This week, my first graders said goodbye to a classmate who moved away. For these children, moving in and out of communities is part of their lives as they are children of military families. They know how it feels to be new, and they know what it means to start over. When a child leaves, they discuss that they will move soon too.
“I’m leaving for Japan.”
“My family moves to Florida next.”
“I’m going to Texas.”
“I’ll move when I am in third grade.”
Moving is one job of a military child. They know that they will move where their family must go, and that they must adjust to their new surroundings when they arrive.
So now, there is an empty table where this child once sat.
In my early teaching days, I might have moved seats around so that the hole was not so apparent. But now, I won’t. The desk will stay right where it is until a new classmate arrives. Missing this student is where we are as a class.

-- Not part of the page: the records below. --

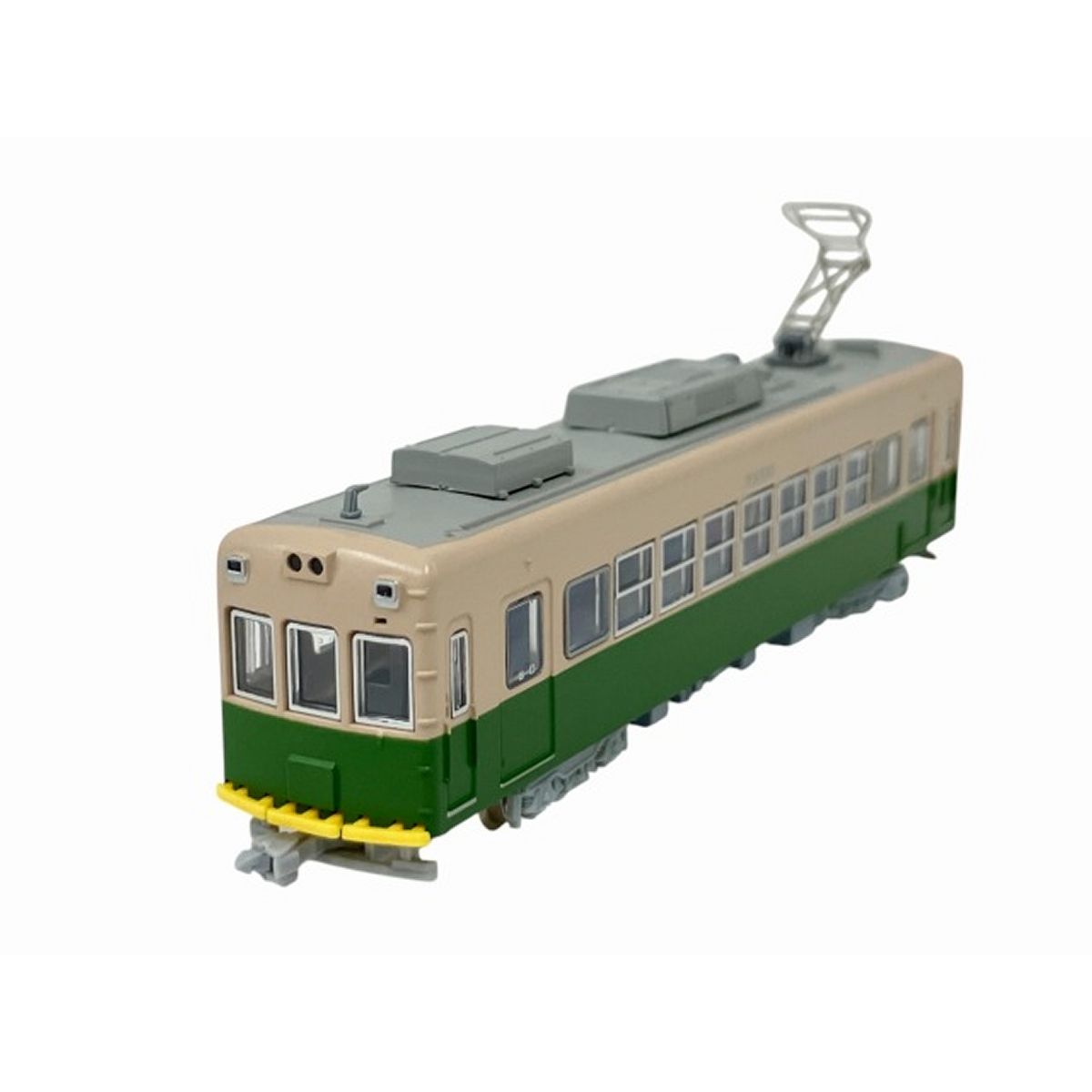 MODEMO NT70 京福電鉄 モボ101形 標準塗装 増結用T車 鉄道模型
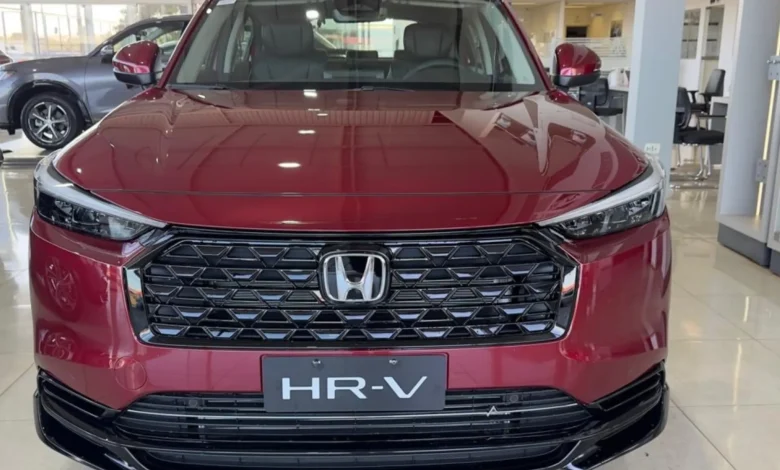 Honda atualiza tabela de preços do HR-V para PcD em setembro de 2025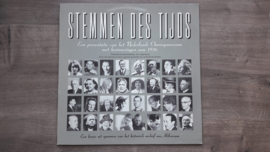 Vinyl lp: Stemmen Des Tijds (1936)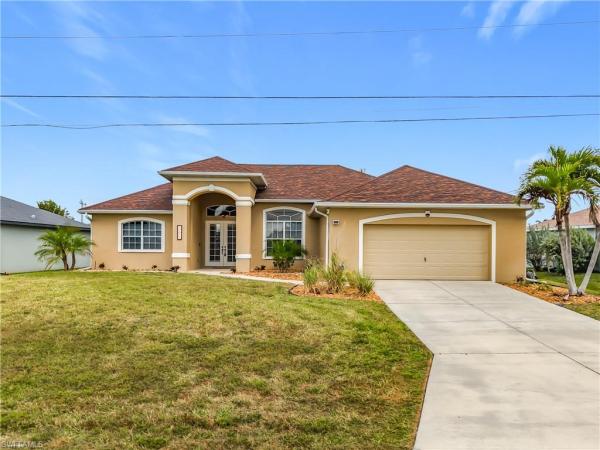 Cape Coral, 2005 Embers Ter, Cape Coral, Florida 33991, image 1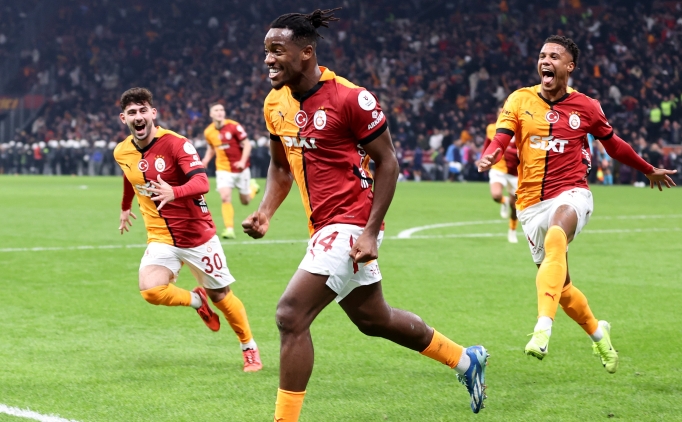 Galatasaray'da kritik Batshuayi karar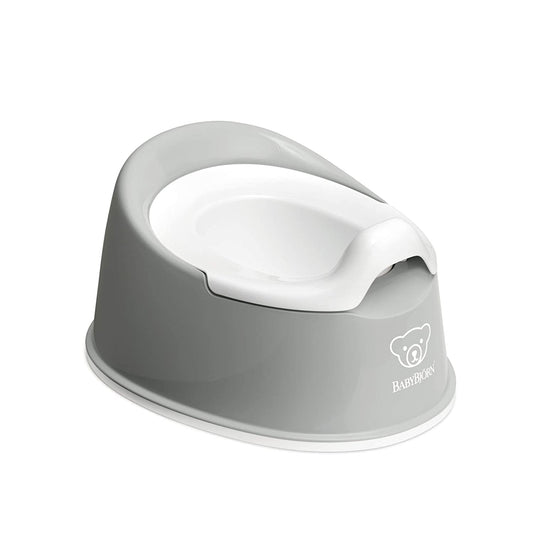 BabyBjörn Smart Potty, Gray/White 🍁 All In One Marketplace Canada BabyBjörn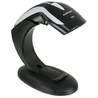 Datalogic Heron HD3130 1D Scanner with Stand, Black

We sing songs that this friend loved. We tell stories about times we enjoyed together. We read books about moving and talk about the feelings that come with it. We look at pictures to remind us of the friends we miss.
At the same time, the children and I write notes to the child who is probably missing this student the most. The children invite this classmate to play new games at recess. They even give this student extra turns to read the morning message or to choose a movement break.
Right now, we are staying in this moment and feeling this loss together. This is a feeling that these children understand, and they have beautiful ways to support one another. As their teacher, I am overwhelmed by their thoughtfulness and kindness.
Happy Writing and Happy Month of the Military Child!